Posted By Jeff Dover, CRFP, RFMA, Wednesday, April 1, 2015
Updated: Tuesday, March 31, 2015

Hello RFMA members,

Facilities professionals number one priority is protecting company assets. Hood cleaning may be the most important preventative service completed in a restaurant. The majority of fires originate in the hood/ductwork cooking exhaust system. It is imperative the cleaning is completed professionally and in a timely manner. Obviously facilities personnel are not normally present at the time of cleaning but there are several follow up items that can be done to ensure the cleaning was done properly:

- KES (kitchen exhaust system) cleaning must be done at a minimum every three (3) months. Increased frequency is required if solid fuel (wood) is being burned underneath the hood.

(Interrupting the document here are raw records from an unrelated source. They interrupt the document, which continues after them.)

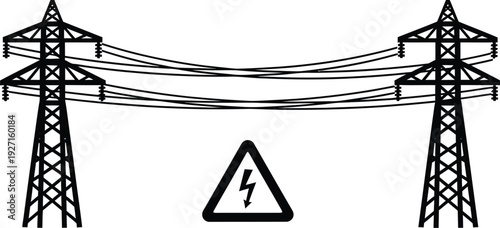 A black silhouette of power lines and a high voltage warning sign on transparent background high quality professional detailed modern elegant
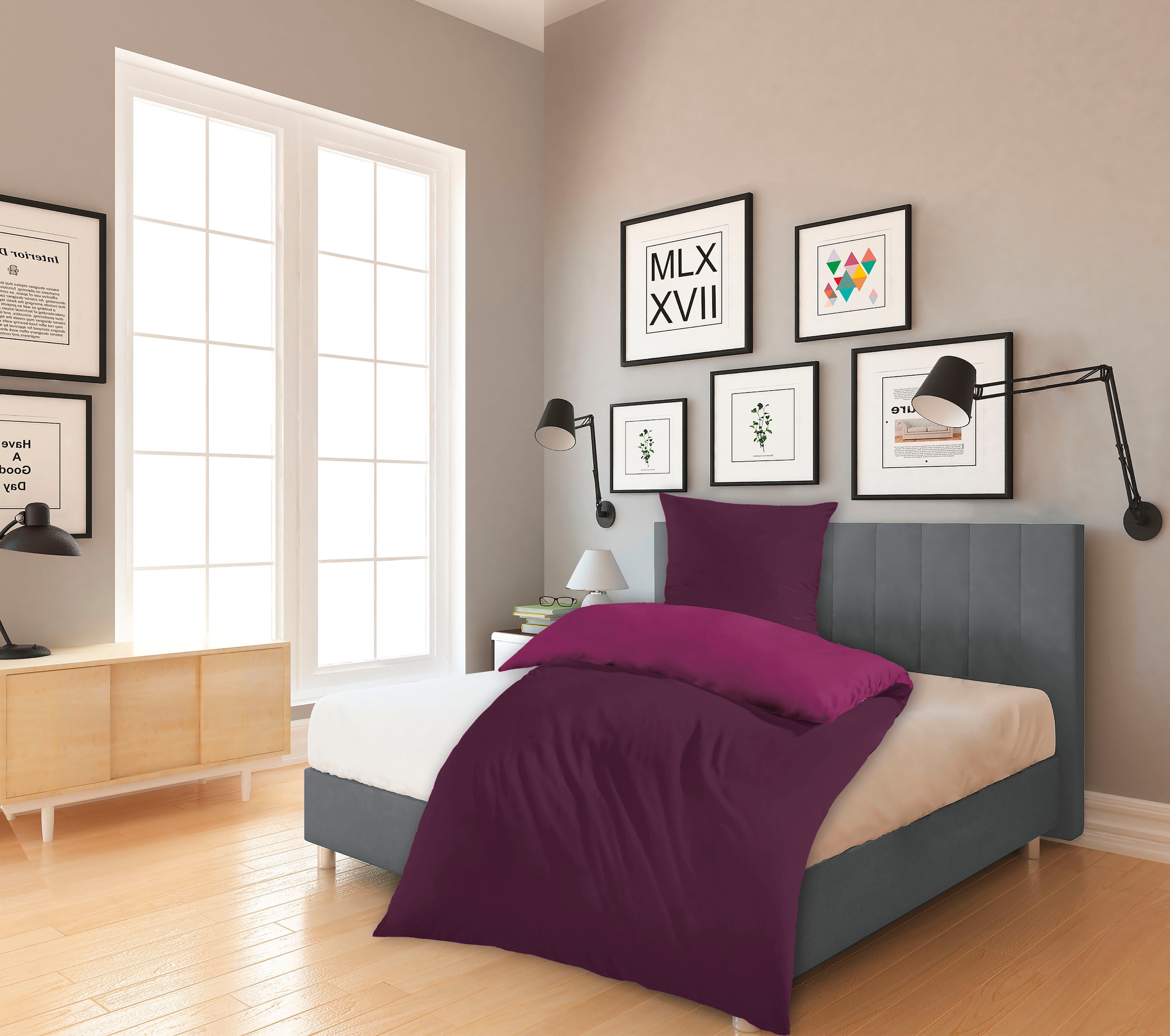 KiNZLER Wendebettwäsche »Mikrofaser "Cashmere Touch"« 2 tlg. tlg. Unifarben, besonders weich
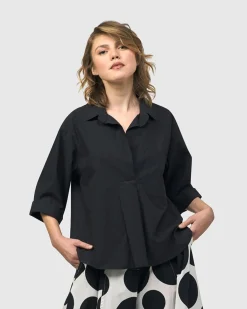 Urban Fran A-Line Blouse, Black
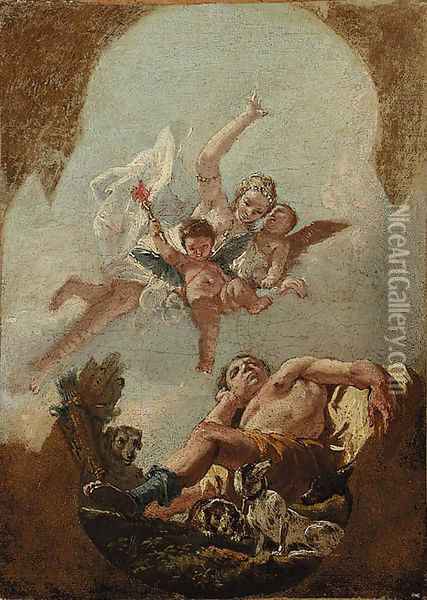 Diana and Endymion a bozzetto Oil Painting - Francesco Fontebasso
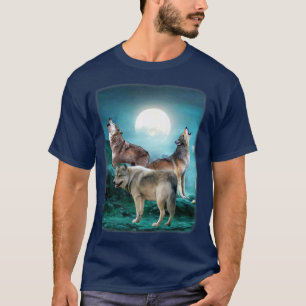 Night Howling At The Moon Wolves Wolf Animal Jungl T-Shirt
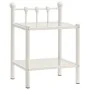 Mesita de noche metal vidrio blanco&transparente 45x34,5x60,5cm de vidaXL, Mesitas de noche - Ref: Foro24-325074, Precio: 48,...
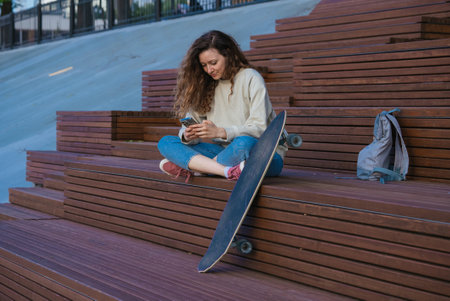 Young woman with curly hair relaxing on wooden steps, scrolling smartphone near skateboard and backpack, casual urban outdoor sceneの写真素材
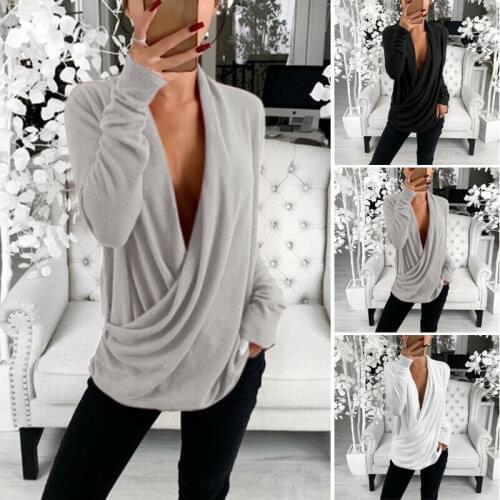 Women Tops Ladies Blouse Party Autumn Shirts Tops Fashion Solid Blouse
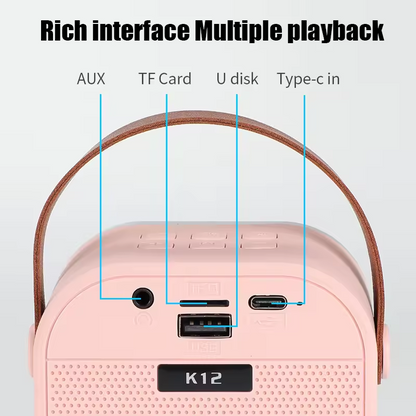 K12 Karaoke Machine Portable Blue Tooth 5.3 Pa Speaker System With 1-2 Wireless Microphones Home Family Singing Children's Gifts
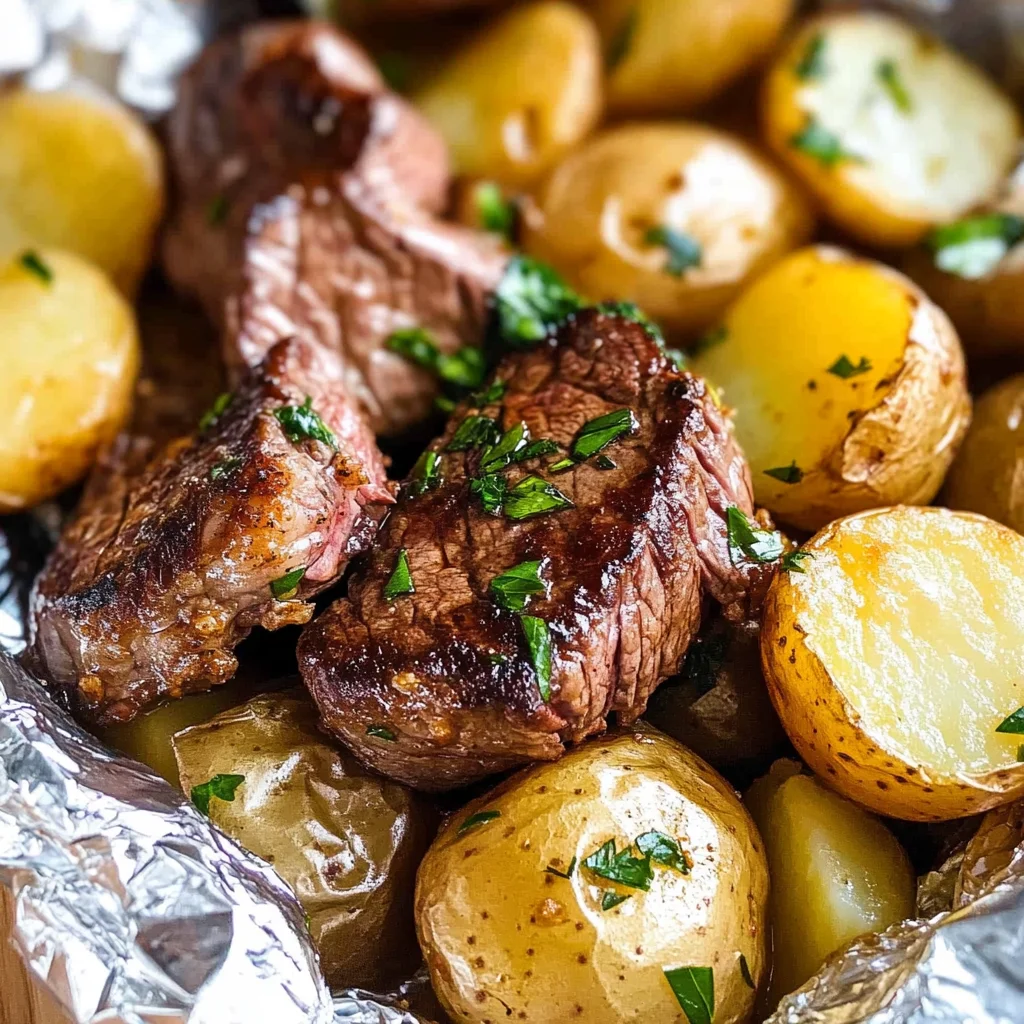 Garlic Butter Steak and Potato Foil Packets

-Photos, photos, photos. Contractor needs to provide before and after photos with their invoice and/or service report. FM's and/or store Operations need to review to ensure the hoods, ductwork, fusible links, and fans are being cleaned down to bare metal. Additionally all areas around the exhaust fans on the roof show satisfactorily cleaning. A certified KES contractor will be happy to provide these as it shows their techs are completing the work professionally.

- Contractor provides a report detailing the work completed and any cleaning issues encountered, i.e., long inaccessible duct runs that may need access panels installed, hinged curbs are required for the fans, etc.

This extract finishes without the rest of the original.